• _What is needed_
The whole listing below should be printed again exactly, with no images.

··· Given records

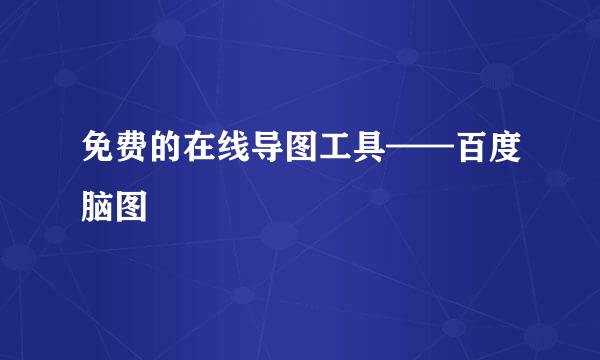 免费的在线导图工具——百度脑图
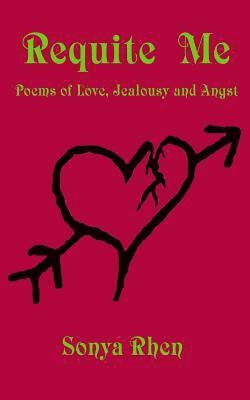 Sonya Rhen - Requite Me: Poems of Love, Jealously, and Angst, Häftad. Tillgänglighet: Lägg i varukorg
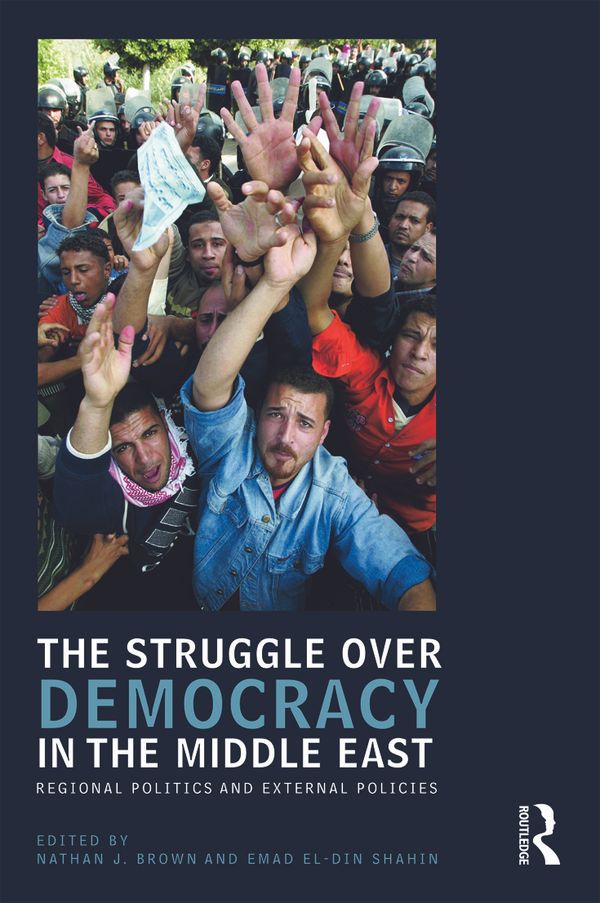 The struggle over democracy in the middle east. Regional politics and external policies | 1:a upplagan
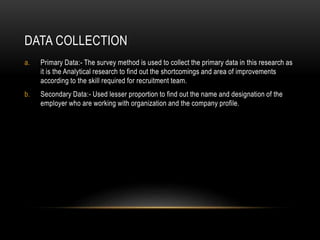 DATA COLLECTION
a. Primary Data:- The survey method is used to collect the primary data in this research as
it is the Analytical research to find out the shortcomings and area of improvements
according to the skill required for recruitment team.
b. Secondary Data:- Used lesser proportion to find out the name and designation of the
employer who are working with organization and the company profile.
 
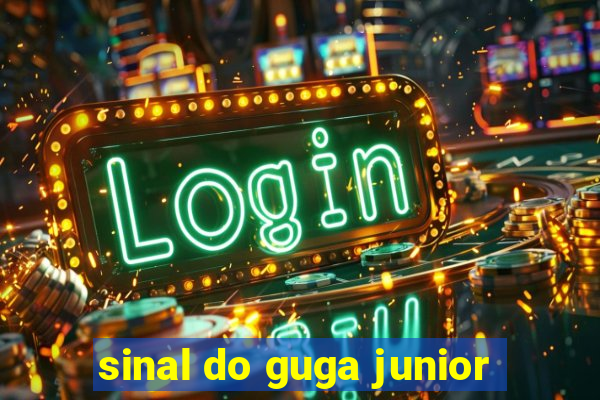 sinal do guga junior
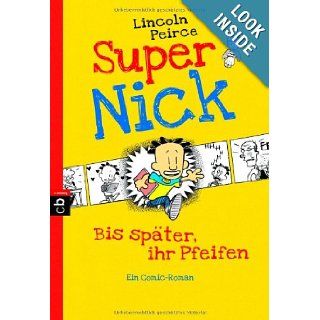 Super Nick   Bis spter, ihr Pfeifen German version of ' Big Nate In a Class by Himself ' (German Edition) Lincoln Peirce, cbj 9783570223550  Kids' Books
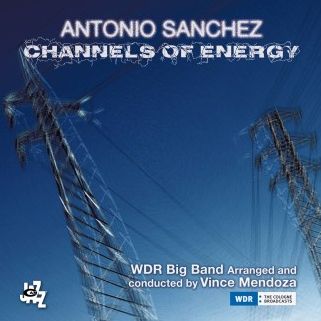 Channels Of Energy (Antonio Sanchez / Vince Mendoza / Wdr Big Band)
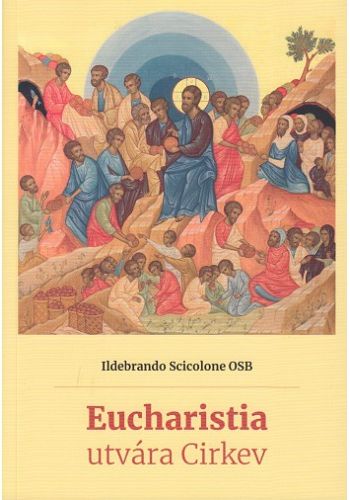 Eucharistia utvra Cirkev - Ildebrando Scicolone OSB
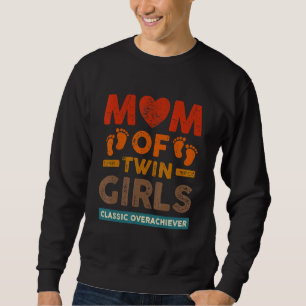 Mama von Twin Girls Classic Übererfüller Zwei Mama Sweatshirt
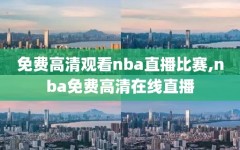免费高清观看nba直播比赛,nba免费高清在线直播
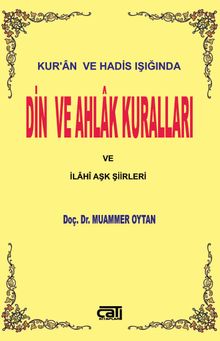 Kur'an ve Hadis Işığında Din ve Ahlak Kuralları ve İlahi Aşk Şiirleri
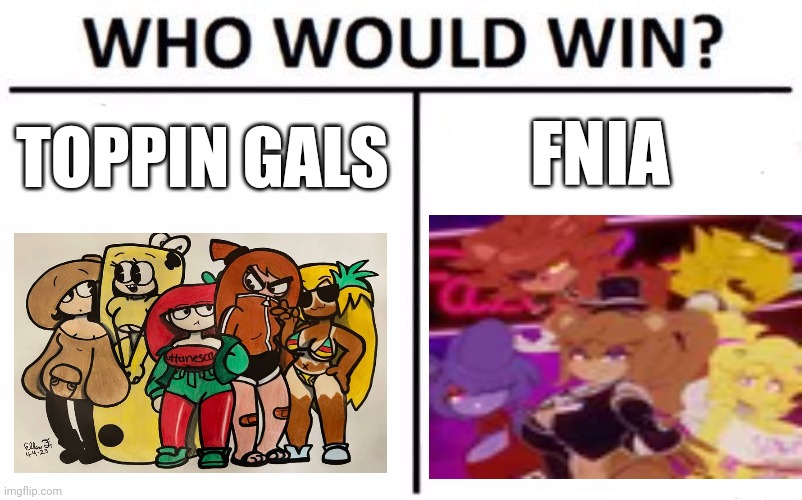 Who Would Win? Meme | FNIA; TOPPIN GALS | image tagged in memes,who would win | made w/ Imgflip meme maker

······

• _Solution for this task_
 免费的在线导图工具——百度脑图
 Sonya Rhen - Requite Me: Poems of Love, Jealously, and Angst, Häftad. Tillgänglighet: Lägg i varukorg
 The struggle over democracy in the middle east. Regional politics and external policies | 1:a upplagan
 DATA COLLECTION
a. Primary Data:- The survey method is used to collect the primary data in this research as
it is the Analytical research to find out the shortcomings and area of improvements
according to the skill required for recruitment team.
b. Secondary Data:- Used lesser proportion to find out the name and designation of the
employer who are working with organization and the company profile.
 
 sinal do guga junior
 Super Nick   Bis spter, ihr Pfeifen German version of ' Big Nate In a Class by Himself ' (German Edition) Lincoln Peirce, cbj 9783570223550  Kids' Books
 Channels Of Energy (Antonio Sanchez / Vince Mendoza / Wdr Big Band)
 Eucharistia utvra Cirkev - Ildebrando Scicolone OSB
 Mama von Twin Girls Classic Übererfüller Zwei Mama Sweatshirt
免费高清观看nba直播比赛,nba免费高清在线直播
 Kur'an ve Hadis Işığında Din ve Ahlak Kuralları ve İlahi Aşk Şiirleri
 Who Would Win? Meme | FNIA; TOPPIN GALS | image tagged in memes,who would win | made w/ Imgflip meme maker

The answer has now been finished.